Biosecurity Queensland leaves a fire ant nest, unmarked, in public park, in Rocklea in Brisbane’s south-west. More evidence that Biosecurity Queensland is putting public safety at risk. Rocklea has been infested with fire ants since 2001. Seventeen years and $400m of public money later, it STILL is. 22nd July 2018
A concerned citizen took this photo of an unmarked fire ant nest in a public park in Rocklea, in July 2018. Rocklea is one of the suburbs in Brisbane’s south-west where fire ants were first found in 2001. Seventeen years and $400m of public money later, they’re still there.
It is possible that Biosecurity Queensland has recorded this nest and treated it, or not treated it yet. If so, there is no excuse for putting public safety at risk by not marking the nest to alert people to the imminent danger. Fire ants are one of the world’s most dangerous and aggressive super-pests. They inflict multiple burning stings on anything that disturbs their nests.

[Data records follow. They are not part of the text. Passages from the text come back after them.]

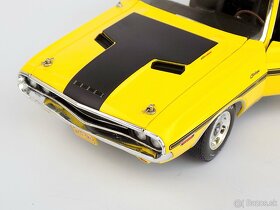 DODGE CHALLENGER R/T 383 MAGNUM NCIS 1970 – 1:18 GREENLIGHT - 4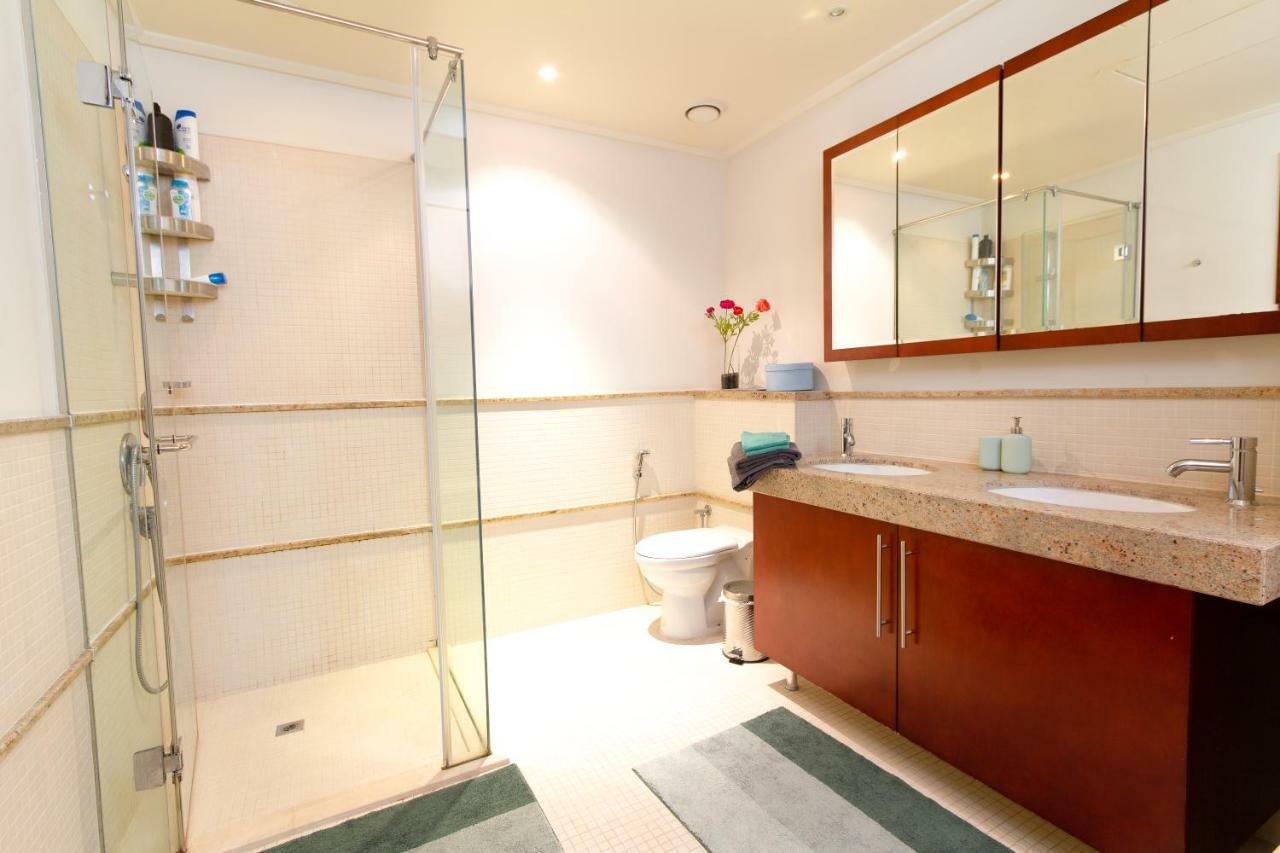 Quintessential Quarters - Ultra-modern And Spacious Aparment Apartamento
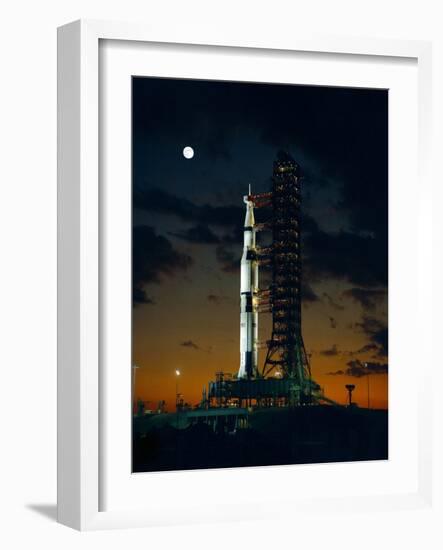 Test Flight of Giant Saturn V Rocket for Apollo 4 Mission at Kennedy Space Center, Nov 8, 1967-null-Framed Photo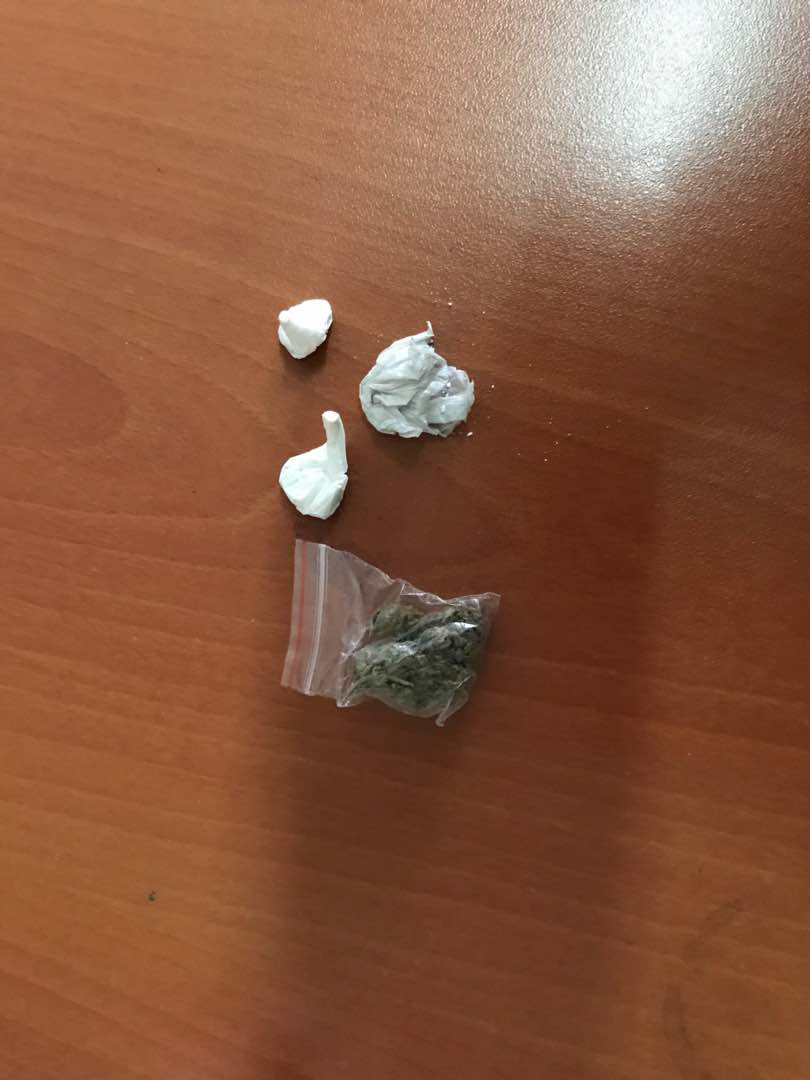 Cili është “Profesori” i arrestuar, e ëma tentoi t’i hidhte heroinën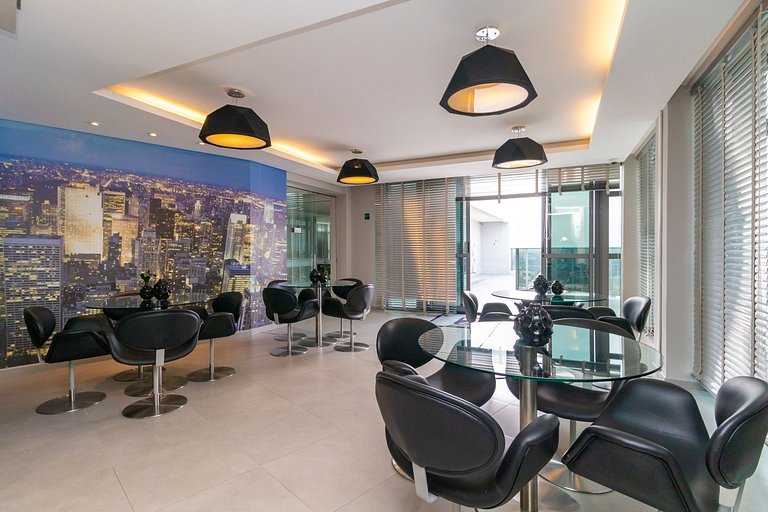 7th Avenue - Centro | Curitiba | Gonzaga Stays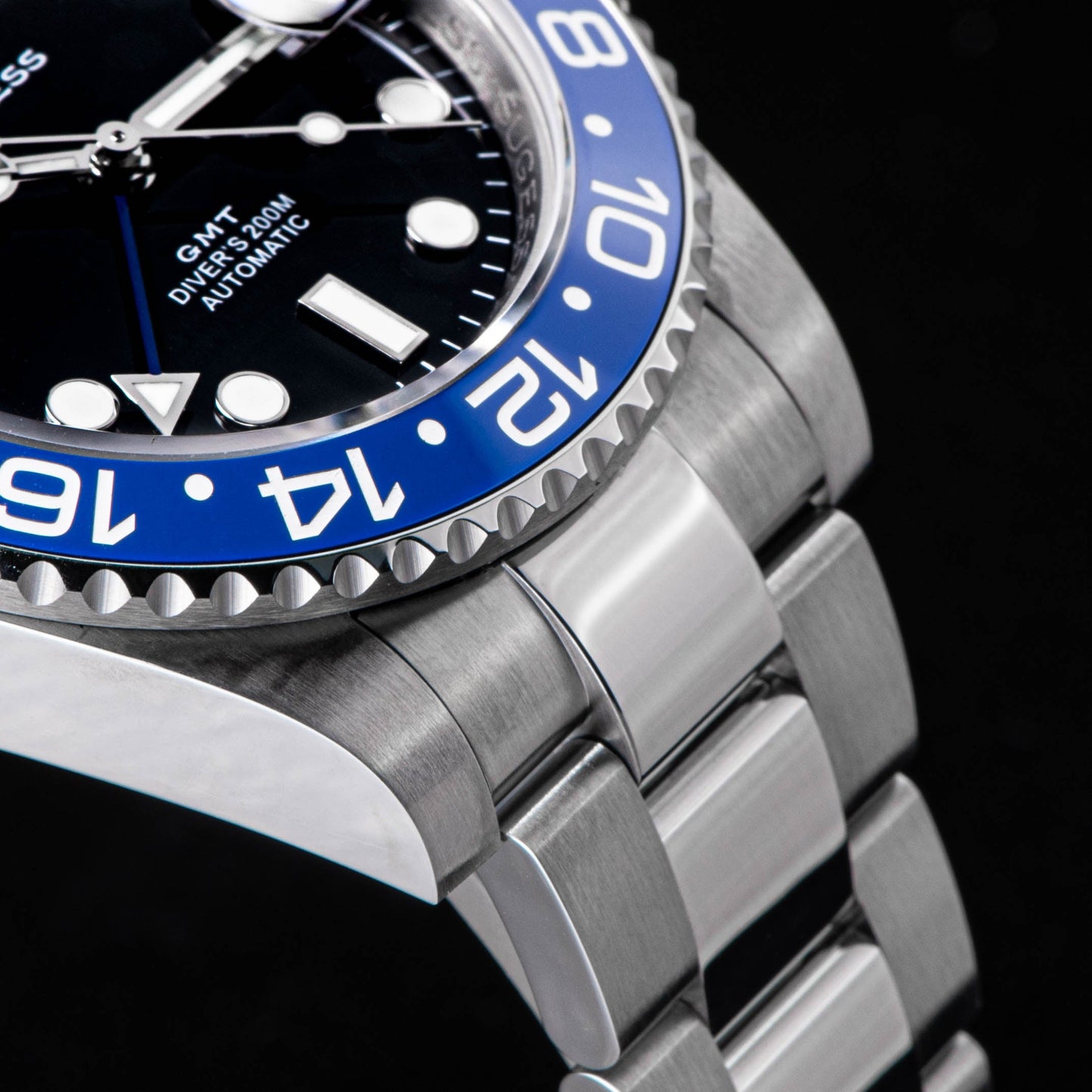 GMT DIVER'S SG126710BLNR Blue & Black Bezel Jubilee Bracelet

Small children, older people and others who use our public parks are particularly at risk. The pain of the stings can last for weeks and people allergic to their stings can die.
If Biosecurity Queensland has recorded this nest and treated it or not treated it yet, there is no excuse for not marking it when Biosecurity Queensland relies heavily on the public to report new infestations. The public have reported 70% of all the fire ant nests Biosecurity Queensland knows about. A concerned citizen will not know whether to report this unmarked fire ant nest in a public park, or not!
It is inexcusable that Biosecurity Queensland has spent $400m of public money over seventeen years and ‘Ground Zero’ of the fire ant infestation in Brisbane’s south-west is STILL infested.